Sir Archibald George Auldjo Jamieson KBE MC (13 May 1884 – 23 October 1959) was a Scottish businessman and British Army soldier. He was chairman of the British arms and aircraft company Vickers during World War II.

==Early life and education==
Jamieson was born in Edinburgh, one of eight children born to George Auldjo Jamieson and his second wife, Susan Helena (née Oliphant). He was the youngest of six sons; the architect Ernest Auldjo Jamieson was his elder brother.

His father, a significant figure in Scottish accountancy, was a senior partner in the Edinburgh accountancy firm Lindsay, Jamieson, and Haldane, and a councillor in the city.
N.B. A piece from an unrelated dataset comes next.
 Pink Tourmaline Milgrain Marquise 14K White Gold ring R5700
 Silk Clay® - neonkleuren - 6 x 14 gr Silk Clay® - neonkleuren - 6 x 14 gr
Several other members of his family were also accountants. His mother was the daughter of Robert Oliphant of Rossie.

Jamieson was educated at Winchester College and New College, Oxford.

==Career==

Jamieson trained as an accountant and was apprenticed as a law clerk in 1901. He served during the First World War, being mentioned in despatches and awarded the Military Cross.

Jamieson became a director of armaments company Vickers in 1928 and chairman in 1937; in the late 1930s, he helped integrate the main firm more closely with its subsidiaries, increasing production in the run-up to World War II.

==Marriage and family==
In 1917, Jamieson married Doris Pearce, daughter of Henry Pearce, RN; the couple had two sons and two daughters; their eldest son was David Auldjo Jamieson who was awarded the VC in 1944 during the Second World War.

Their other son, Gerald James "Jerrie" (died 1992), married in 1957 to Lady Mariegold Fitzalan-Howard, daughter of the 3rd Baron Howard of Glossop and sister of the 17th Duke of Norfolk. Their daughter Dinah Susan married the 4th Baron Tollemache in 1939 and was the mother of John Tollemache, 5th Baron Tollemache.

Jamieson was knighted (KBE) in 1946. Lady Jamieson died in 1947. In 1956, he remarried, to Margretta Stroup Austin. He died three years later, in 1959, at his home at 6 Smith Square, Westminster.